Artificial intelligence has been declared as the new industrial revolution. At the moment when its deployment has been predicted in all sectors of society, the data by which it is sustained has become a crucial issue. Without numerous reliable, ethical, analysable and secure data, it’s impossible to envisage the future of Artificial Intelligence. So, the data war has indeed been declared!
A first vital step: data records set up
Today, we produce more data than ever before in our history. Each second, nearly 40,000 Google searches are carried out and 2 million emails are sent. In 2019, the volume of global web traffic will exceed 2 zettabytes per year. Yet despite the advances of cognitive IT and the power of processing, the exploitation of all this data remains largely inaccessible to companies.
Also, one of the first issues to raise for the development of the IA is the collection and annotation of large data packages. Today, such data records are still rare resources. Insufficient volumes of real existing data, limited collection capacities, difficulty to transmit raw data to useable data, …the reasons of this rarity are often different according to the sectors of activity.
In France, several initiatives offer to resolve this problem. For example, in the framework of the deployment of the French strategy in IA matters, the state has just issued a call for the expression of interest, open until November, 2018, in order to support sectorial or cross-sectorial initiatives of mutualisation of data for the purpose of IA solution development.
The difficulty of the transfer of raw data to useable data
Artificial intelligence is, first and foremost, linked to the quality of data used by applications. Despite the development of tools and Data Warehouse (such as Hadoop and Spark), data analysis is still complex, whether structured or not.
Companies must find out how to transform available data to useable insights. Indeed, to transfer data to artificial intelligence systems, it’s necessary to clean it, look for format errors, track duplications within databases and transform raw data to useable data.
The great complexity of I.S. which is composed of several applications and heterogeneous databases does not simply the task. This is why company encounter even greater difficulties to transfer their data from operational to analytical systems.
An example is data collection within information systems of public and private health establishments. This is one sector where artificial intelligence promises great advances but where the variety of the data formats imposes several operations before the AI can fulfil its promises. Data extraction, conversion and restitution to the desired format, constitutes in this sector a challenge to raise before artificial intelligence becomes truly allied with health professionals.
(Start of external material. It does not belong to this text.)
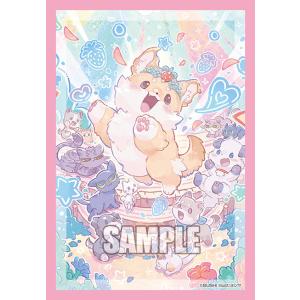 ANIPLEX（アニプレックス） ビルディバイド ブライト ブースターパック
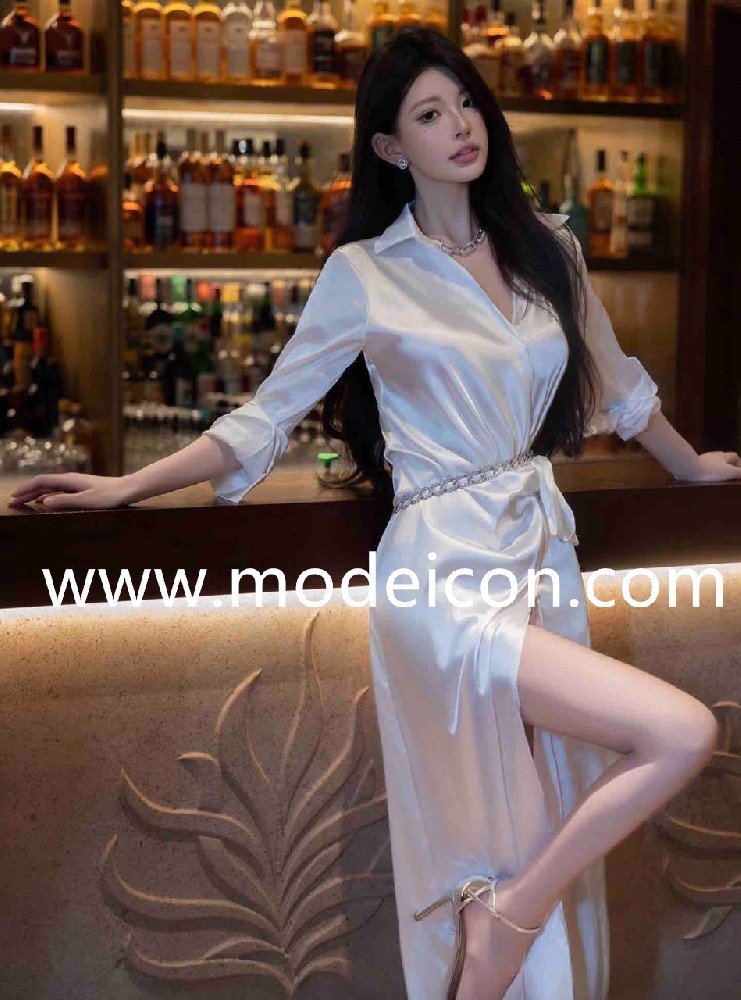 洛杉矶外围女Hight/176 Weight/96 Bust/D 高瘦皮肤白 嘴甜情商高 兼职礼仪小姐 得体优雅 高素质 声音甜美 身体柔软 随意验证 粉嫩甜心 宝藏女孩 清纯可爱型女友Feel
Security priorities to protect used data
The accumulation of data on the Cloud servers and its accessibility to fraudsters can prove to be fatal for companies and their Artificial Intelligence devices. This is why the identification of the process that encourages manipulation is a key step to improve data reliability.
To illustrate, let’s refer to the challenges that actors in the insurance world are faced with.
According to an Accenture study, conducted on nearly 600 insurers and sector experts in 25 countries including France, one third of insurers interviewed have been subjected to practices such as bot fraud or the falsification of sensor or localisation data, whereas another third think about being subjected to such an attack but without being able to verify it.
At the moment when data constitutes the crux for the development of Artificial Intelligence, it is all the more crucial to be able to protect in an efficient manner.
The necessity to use authentic and ethical data
Many concerns have also emerged regarding the authenticity and the ethics of Artificial Intelligence and Big Data. How is data protected to guarantee its authenticity? What is the data that systems can use without being unethical?
We can cite several examples, such as the white rectangles glued on a ‘’stop’’ sign that can drive a model of Deep learning to see only a speed limitation in the place of a stop sign. In addition are Artificial Intelligence systems used by some American tribunals to predict the risk of recurrence and that use information based on the skin colour of the defendants. In other words, an artificial intelligence becomes racist due to data integrated in its model.
Even today, to determine what data must be identified and used, the human management and Machine Teaching, still remain vital. This is an obligatory step to suggest in the learning of usable data algorithms with regards to ethical and legal lines.